I've had this debate with my friend a few times, so I'd like to know what /his/ thinks is more important to the development of warfare: the sword or the spear?
>>63336
first 3 rules of warfare
range
range
range
>>63336
Spear...duh. Warfare has always been dominated by 2 things. Numbers and range. If you can reach your opponent, but he can't reach you...you'll probably win. This is why we ditched spears for guns as well, and why we're now destroying our enemies with robot aircraft that the enemy can't see or hear.
I posted this vid in another thread, but it's relevant here too.
https://www.youtube.com/watch?v=sIxEJxky0Ls
Pike beats bill.
Bill beats sword.
Spear.
Even the Roman legionnaires, with their sword&shield combo, still depend on the range and shock of their pila
also against knights- err, cavalry.
Without question the spear, though I'd go further and specify the pike and it's variants.
>>63336
Spear.
Not only range, but the fact that it's pretty easy to use, make it GOAT
>>63336
the katana obviously. forged in kishin belly fire from the finest nippon steel and folded thousands of times, the katana was capable of cutting through inferior western swords like butter. legend tells of a samurai who was so proficient at wielding his katana that once he drew it on the battlefield and cut the wind. all the enemy soldiers immediately dropped their arms, knowing that they couldn't possibly hope to defeat a man capable of severing wind.
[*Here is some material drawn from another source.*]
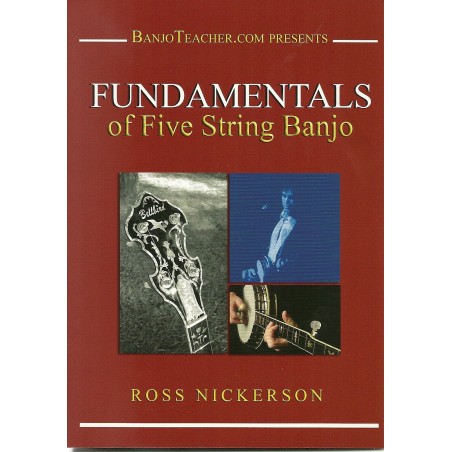 Fundamentals of 5-String Banjo -Book-DVD-Two CDs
i've never heard of a spear cutting wind.
katana-1
spear-0
>>63391
>Pike beats bill.
your video is battle of flodden. Im not gonna watch it, but you know thats an exampe of bills BTFOing pikes?
>>63336
The spear, obviously. The vast majority of all pre-gunpowder armies (except for those of nomadic horse-archers) was made up of spearmen. The spear was the most widely-used weapon on the planet. Swords were more luxuries of the nobility, generally speaking.
>>63802
> but you know thats an exampe of bills BTFOing pikes
The billmen beat the pikemen because the pikemen had their formation fucked up by marching through a small creek. Pikes are extremely effective as long as a formation is maintained. At the start of the battle, the pikemen did extremely well until that mistake with the terrain.
>>63850
Oh no doubt, pike is clearly superior.
I just think that battle being your example is funny.
>>63336
the spear, we literally only stopped using it after we worked out how to turn our guns into spears
>>63336
The Spear by far, though I love Swords far more.
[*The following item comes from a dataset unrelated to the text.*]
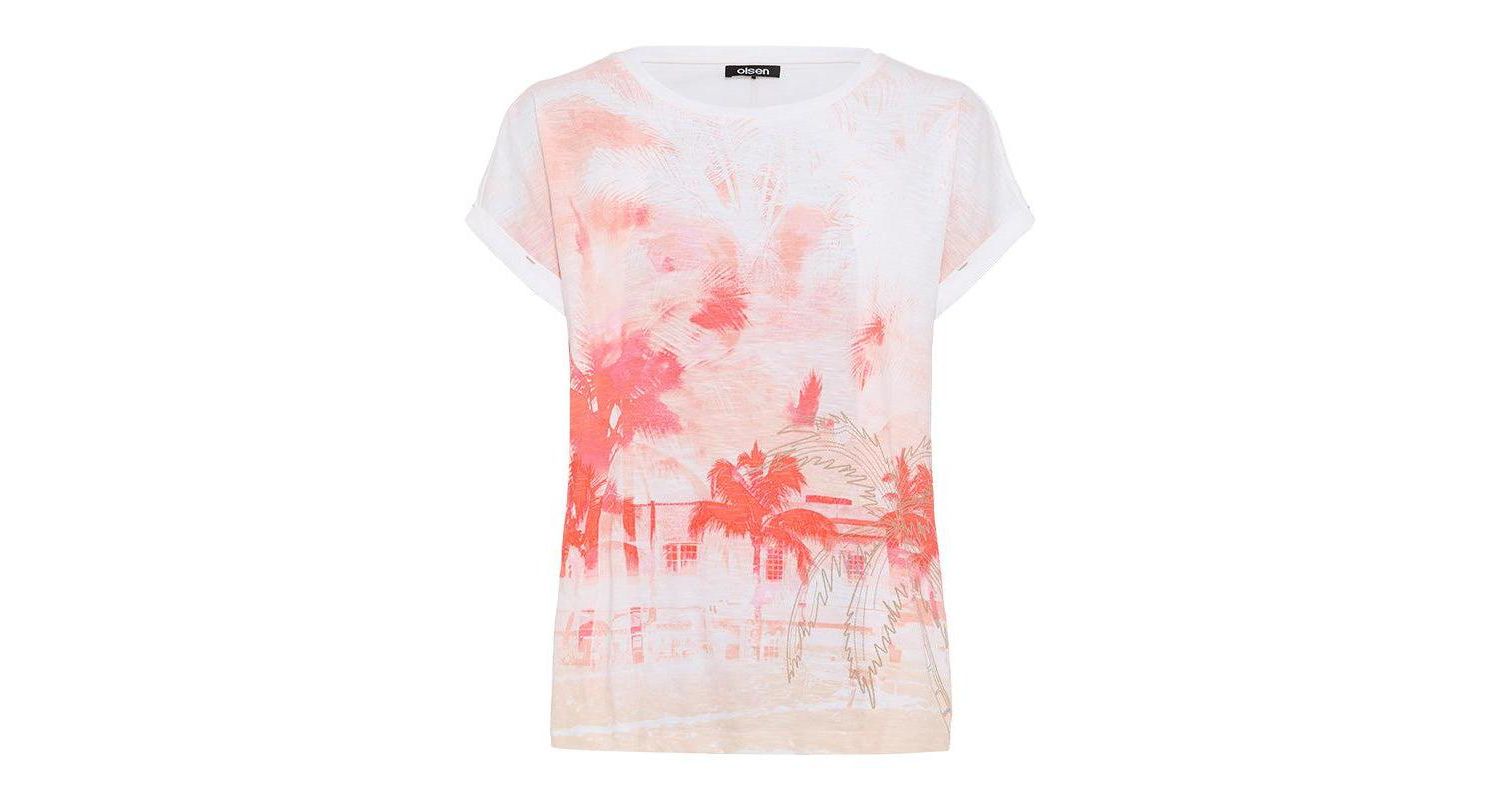 Women's Panneaux Print T-Shirt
The reason Philip of Macedonia so easily conquered Greece was through the spear, he made his Spear almost double the length of the Greek spear and therefore could kill without even being touched by the Greek phalanx
>>63871
I only post that video because they give a demonstration where it's shown just how fucked a billman is against a pikeman undernormal circumstances, and then do the same for a swordsman against a billman.
>>63336
Spear. It's cheaper.
>>63391
Robots sure win wars. Like... and...
/tg/ tier thread
[spoiler]I like it, thought[/spoiler]
Sword is useful for indicating high social status, and when you can't hold a formation (indoor, disorganised fighting, skirmiches).
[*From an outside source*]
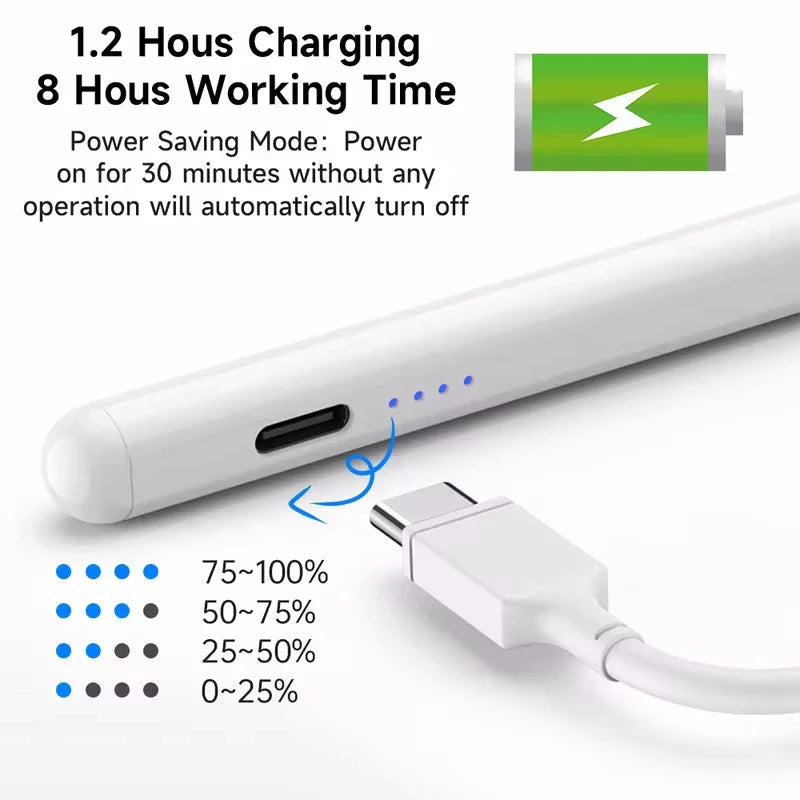 Universal Touch Stylus For iPad With Precision Control And Ergonomic Comfort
Spear for everything else.
>>64540
Sure. It's not like Rome used swords. Or viking nobility or early knights.
>>64494
They're new, but the US is relying on them more and more.
>>64729
>Roman soldiers and early knights didn't use spears
and
>for-may-schions
>>63391
>This is why we ditched spears for guns as well, and why we're now destroying our enemies with robot aircraft that the enemy can't see or hear.
Anon, terrorism isn't war
>>64887
Rome lost ability to maintain formations? One advantage of not fighting in formation is that you can break enemy formation.